In an hour-long conversation with comedian Marc Maron, President Obama walked through familiar rhetoric of Obamacare, climate change, and political gridlock. But when it came to race relations in this country, particularly in light of the horrific attack on a black church in Charleston, South Carolina, Wednesday, there were no holds barred. In fact, Obama used the N-word to talk about Charleston and how racism has continued to permeate society despite race relations ultimately improving over the decades.

The interview, posted online Sunday at midnight, was a candid conversation between the president and the popular podcast host of WTF with Marc Maron. Understandably, much of the chat centered around the recent rise in attention on racial attacks and incidents against the black community. Obama insisted race relations have improved dramatically since the 1950s, but there was still plenty of work to do. And it was during that talk Obama dropped the N-word. No bleep.

Racism, we are not cured of it. And it's not just a matter of it not being polite to say n*gger in public. That's not a measure of whether racism exists or not. It's not just a matter of overt discrimination. Societies don't overnight completely erase everything that happened 200 to 300 years prior.

The N-word is generally taboo, and the setting of the casual podcast (the interview was taped in Maron's garage) likely played into the risky move. To have the president of the United States publicly say the word to make a point is controversial. And it might just be necessary.

What came across in Obama's interview was a beleaguered leader tired of talking about race relations as an abstract concept. We saw that in his statement soon after the Charleston attack, a man who was visibly shaken with being forced to make the same comments on mass shootings. During Maron's interview, Obama clarified exactly what he meant.
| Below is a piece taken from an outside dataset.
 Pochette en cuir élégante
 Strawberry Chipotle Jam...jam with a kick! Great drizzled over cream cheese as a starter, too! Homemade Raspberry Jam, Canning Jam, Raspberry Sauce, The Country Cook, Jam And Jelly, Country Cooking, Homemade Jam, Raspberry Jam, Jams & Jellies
The point I made in the immediate aftermath of the killing was that I've done this way too often. During the course of my presidency, it feels as if a couple times a year, I end up having to speak to the country and speak to a particular community about a devastating loss and the grieving that the country feels is real.

One solution to make these killings less common, he said, would be to enhance gun safety laws, something he claimed the majority of gun owners support.

There's no advanced nation on earth that tolerates multiple shootings on a regular basis and considers it normal. And to some degree, that's what's happened in the country. It's become something that we expect.

Obama specifically called out the NRA's hold on Congress and conceded that he didn't foresee real action happening until something jolted the American public to feel a "sufficient sense of urgency." Sandy Hook, the 2012 shooting when 20 children were killed along with six adults, wasn't enough apparently, Obama said. Congress' inability to pass gun control reform soon after Newtown was the closest he felt to being "disgusted, he said. So what will it take to show the public there's still so much to do to eradicate racial hate and violence? Maybe a black president laying out the N-word on the airwaves is a step in the right direction. Because he's right: Being polite enough to not say the N-word in public isn't enough.